# Besicovitch almost periodic functions with seminorm zero

Consider the set of all trigonometrical polynomials of the form $$P(x)=\sum_{j=1}^n a_n e^{ix\cdot\xi_n}$$, where $$\xi_n\in\mathbb{R}^d$$. A function is said to be almost periodic in the sense of Bohr if it is a uniform limit of trigonometrical polynomials. Define mean value of a function $$f\in L^1_{loc}(\mathbb{R}^d)$$ to be the number $$\mathcal{M}(f)=\lim_{T\to\infty}\frac{1}{2T}\int_{-T}^T f(x)\,dx.$$ Then, a function $$u$$ is said to be almost periodic in the sense of Besicovitch if there is a sequence of trigonometrical polynomials $$P_n$$ such that $$\mathcal{M}(|u-P_n|^2)\to 0$$ as $$n\to\infty$$. In most texts, it is mentioned that the quantity $$(\mathcal{M}(|u|^2))^{1/2}$$ is a semi-norm on the set of all Besicovitch almost periodic functions, however I have not found any text which would provide an example of a non-zero Besicovitch almost periodic function $$u$$ with $$\mathcal{M}(|u|^2)=0$$.

Is anyone aware of such an example? I am not able to construct such an example and it is certainly not true for trigonometrical polynomials. Of course, I mean examples which are not zero on a set of positive measure.

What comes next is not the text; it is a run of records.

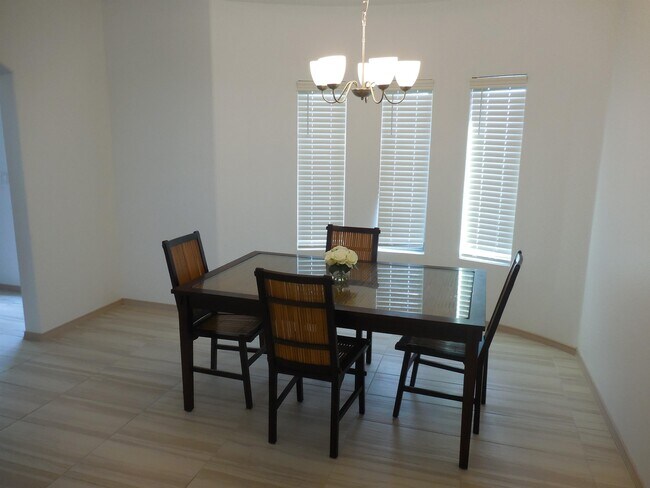 Building Photo - 12880 Haxby St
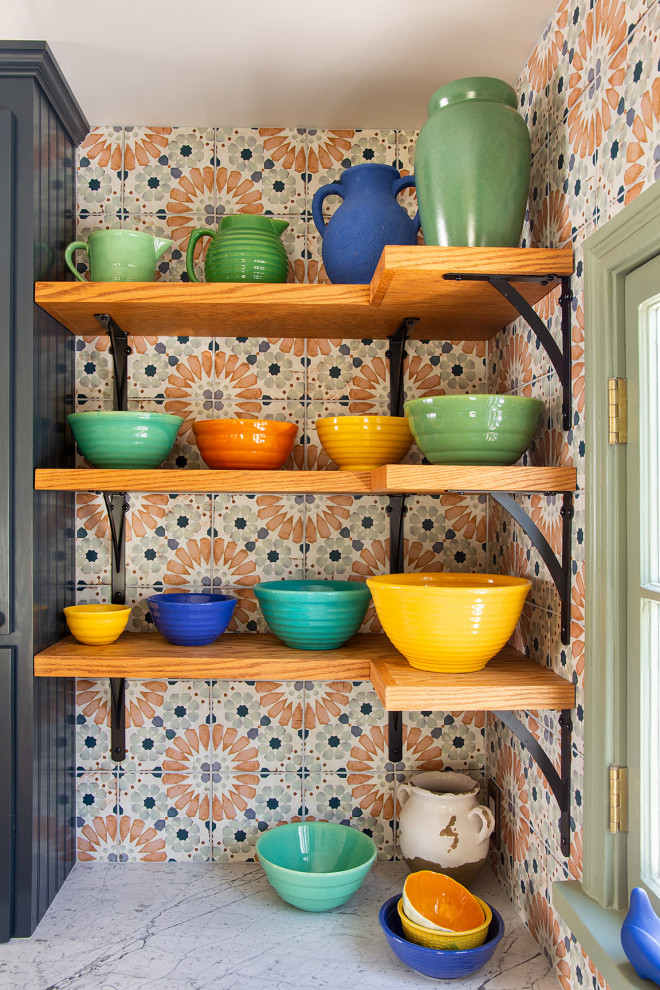 Eklektische Küche mit Rückwand aus Porzellanfliesen in Los Angeles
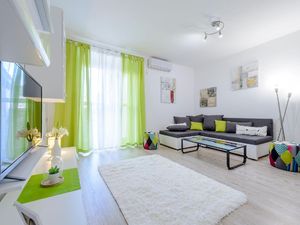 23345245-Ferienwohnung-6--300x225-0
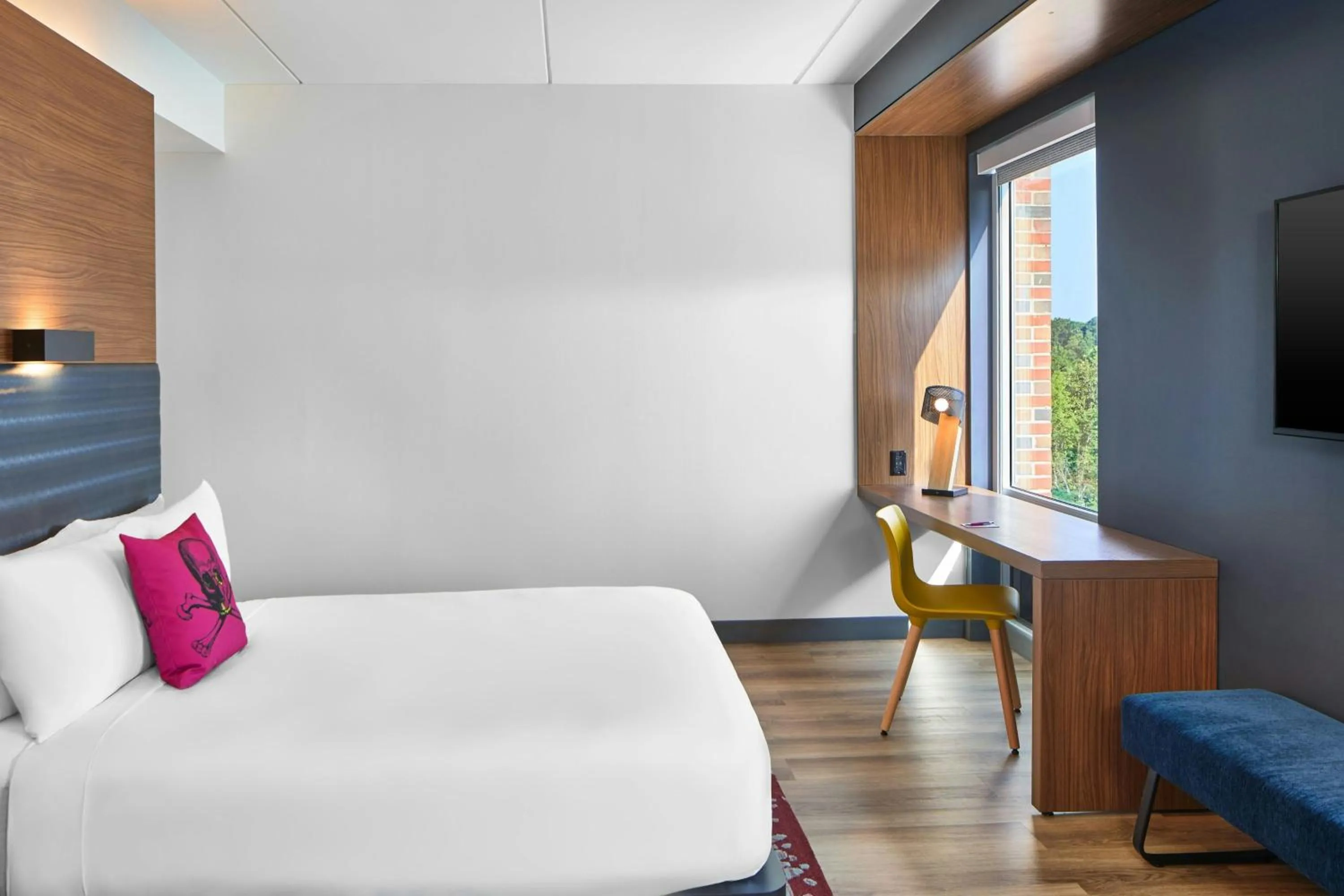 Photo of the whole room, Bed in Aloft Raleigh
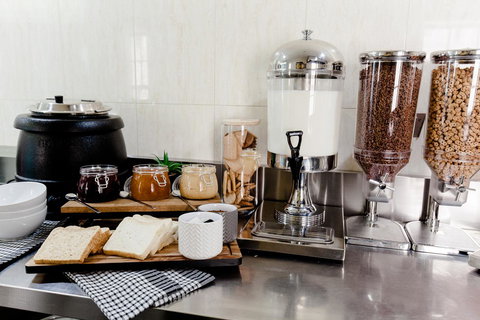 Mad Monkey Broadway - Stays Accommodation 27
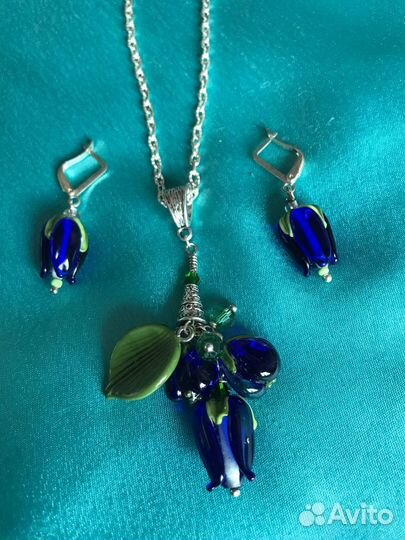 Комплект из подвески с серьгами, серебро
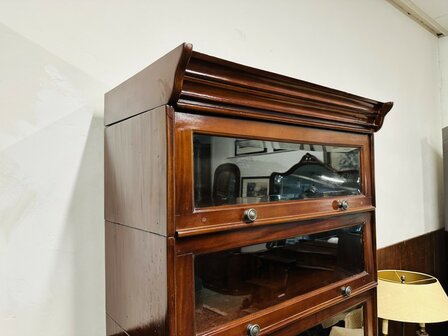Klassieke-Globe-Wernicke-Boekenkast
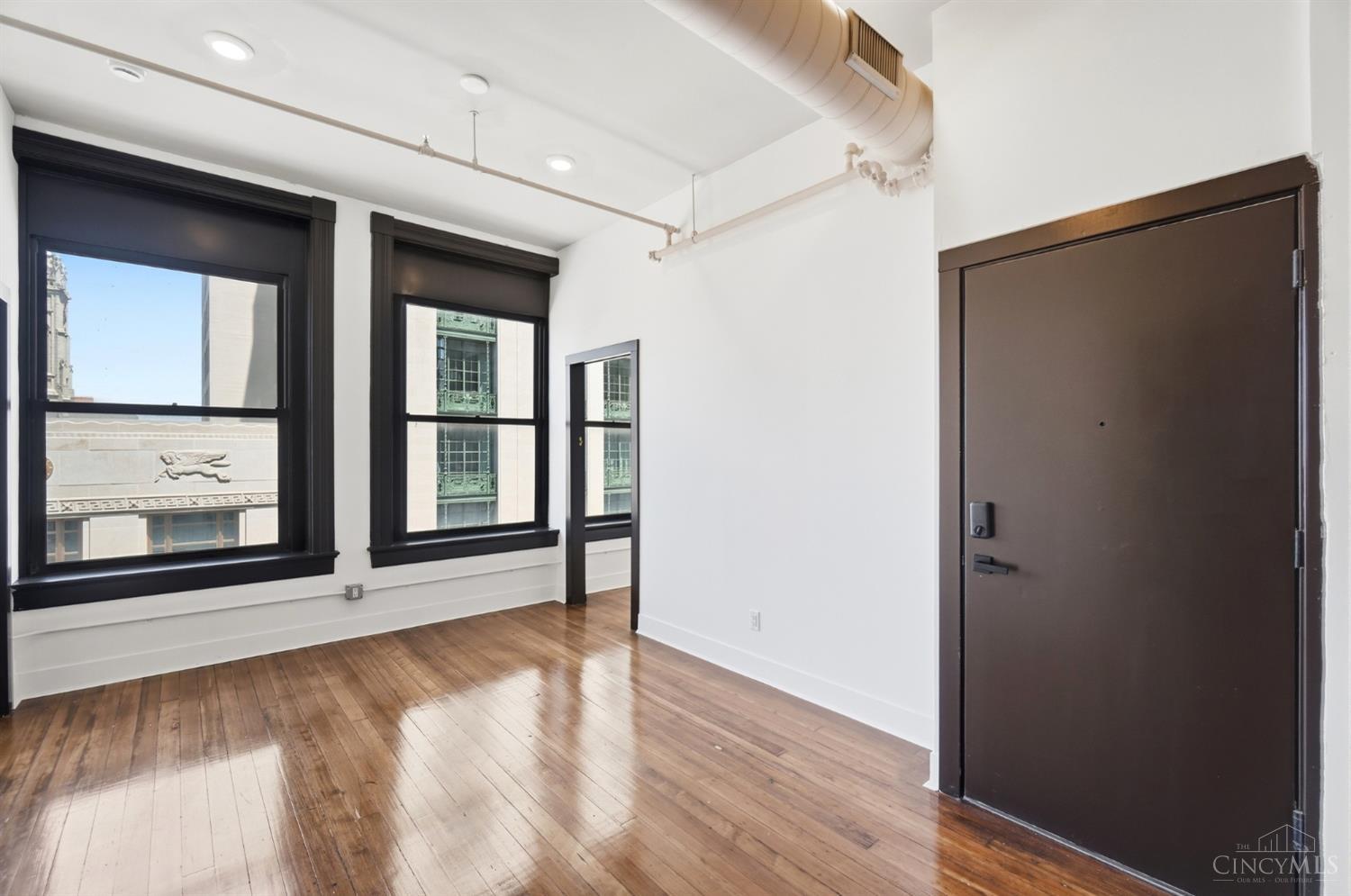 607 Main Street, Unit 10 Cincinnati, OH 45202 - Photo 23 of 37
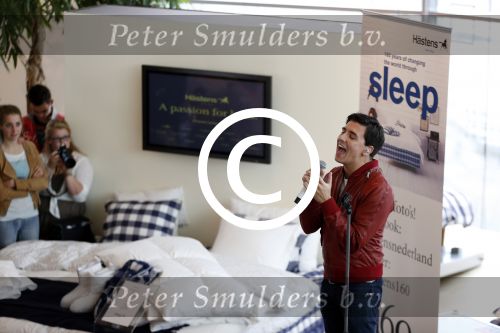 Leiderdorp 24 juni 2012
Jan Smit bij hastens winkel in Leiderdorp.
Peter Smulders bv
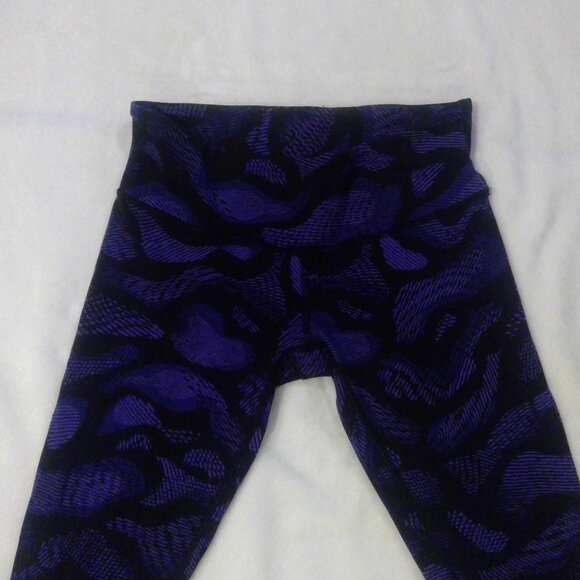 Lululemon's Wunder Up Pant III IN Warp Super Purple & Black Workout Leggings - Picture 3 of 8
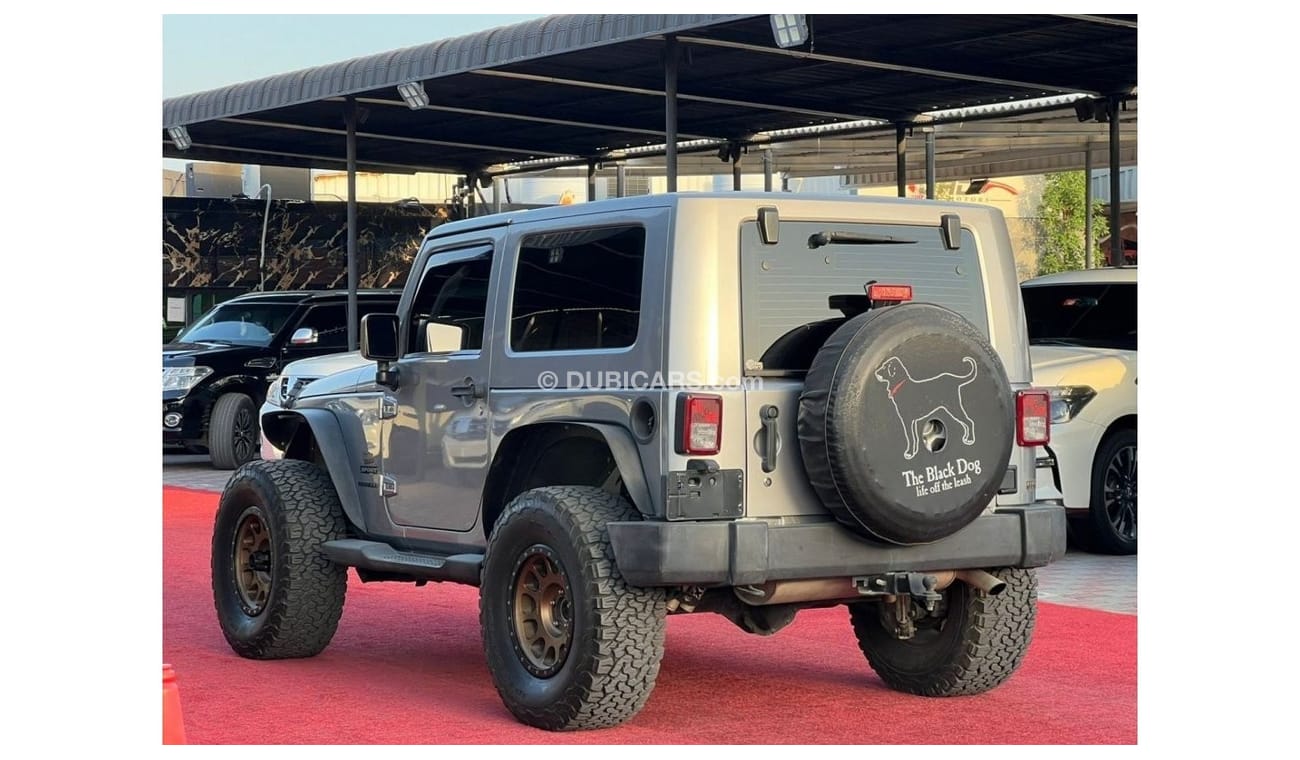 جيب رانجلر جيب رانجلر سبورت موديل : 2013 الممشي : 135,000 كم السعر : 49.000 درهم  قير عادي V6/3.6L  مواصفات خلي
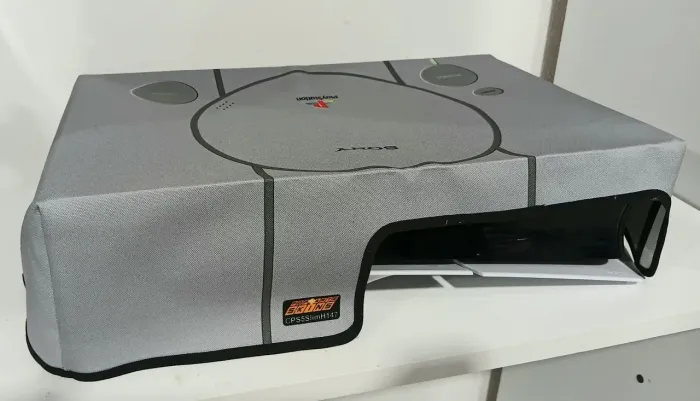 Capa anti poeira para Playstation 5 slim. Aqui na LOJA FABGAMES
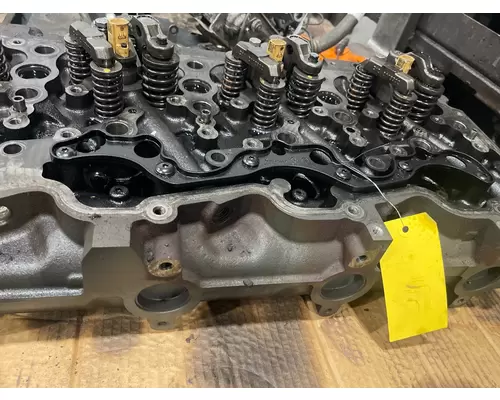 PACCAR MX 13 Cylinder Head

• $$f(x)=\left\{ \begin{array}{lc} 1 \mbox{ if } 2^n < x <2^{n}+1 \\ 0 &\mbox{otherwise} \end{array}\right.$$ and $P_n=0$. Jun 13, 2020 at 18:55

Take any compactly suported $$L^2$$ function $$f$$ and set $$P_n=0$$, then $$\lim_{n\rightarrow \infty} \mathcal{M}(\vert f - P_n \vert^2) = \mathcal{M}(\vert f \vert^2) =0$$ thus, $$f$$ is Besicovitch almost periodic such that its seminorm vanishes.